=== Exercise instructions ===
Your copy of the entries below should hold exactly the lines from the one containing "316L Çelik Gümüş" to the one containing "Rainbow Flags Soccer", inclusive, and no pictures.

··· Exercise input

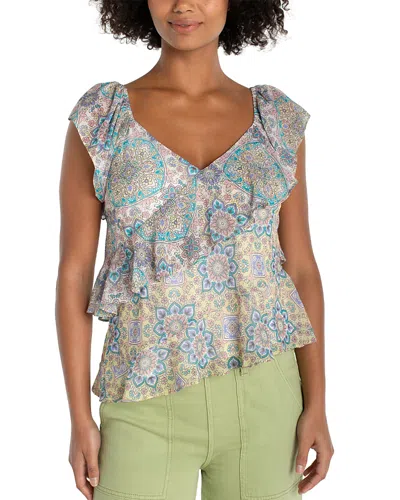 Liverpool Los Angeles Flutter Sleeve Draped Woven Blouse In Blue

······
··· Exercise input

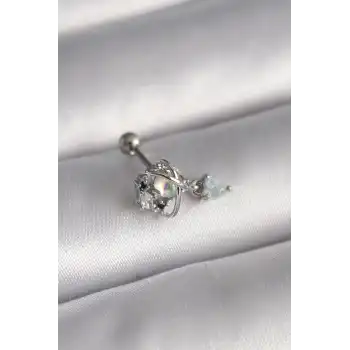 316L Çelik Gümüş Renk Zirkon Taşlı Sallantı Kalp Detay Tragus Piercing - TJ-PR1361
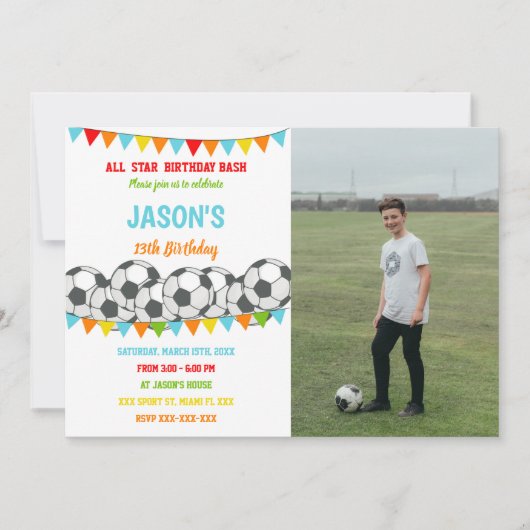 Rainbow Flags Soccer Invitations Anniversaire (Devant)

······
··· Exercise input

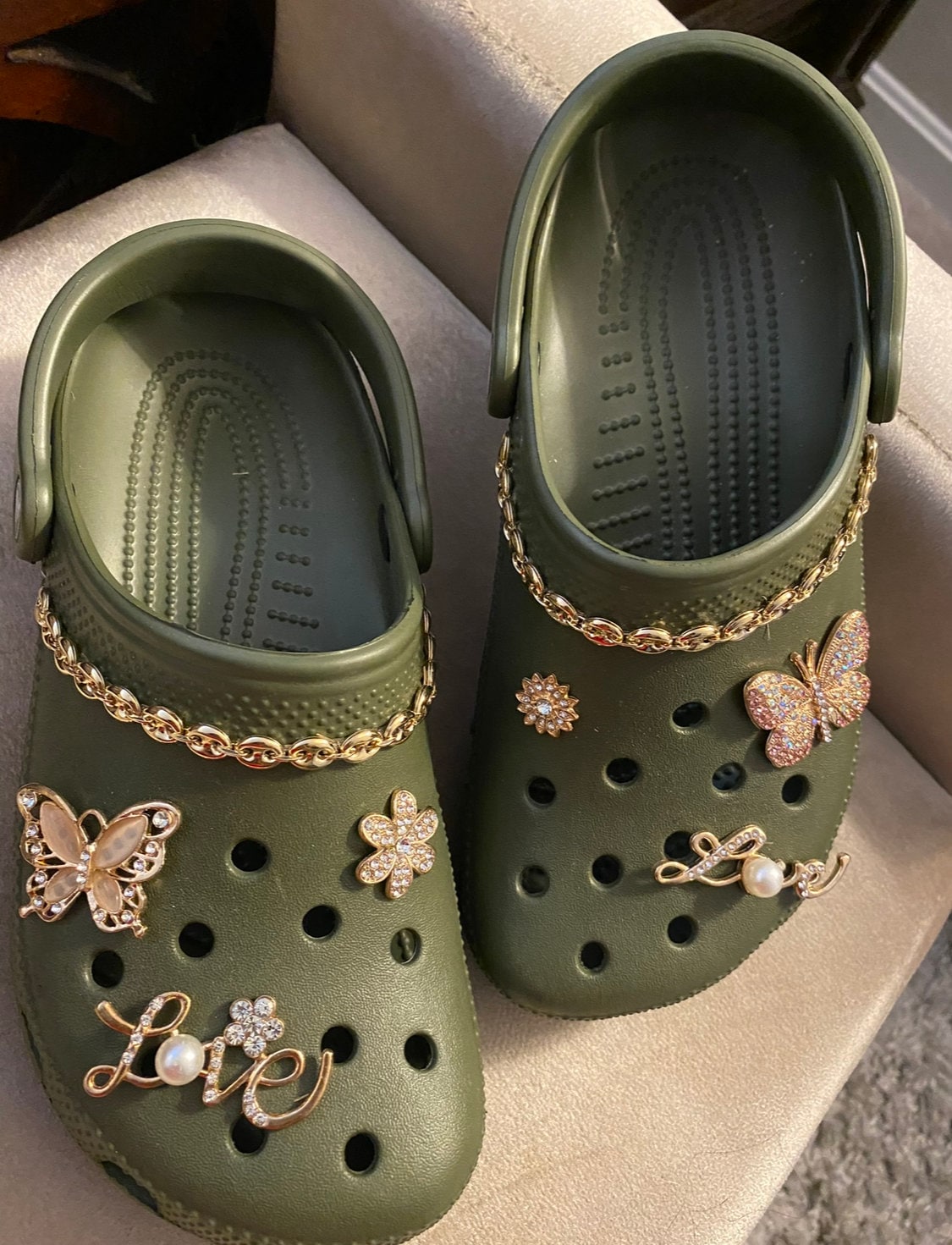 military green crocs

······

=== Response area ===
 316L Çelik Gümüş Renk Zirkon Taşlı Sallantı Kalp Detay Tragus Piercing - TJ-PR1361
 Rainbow Flags Soccer Invitations Anniversaire (Devant)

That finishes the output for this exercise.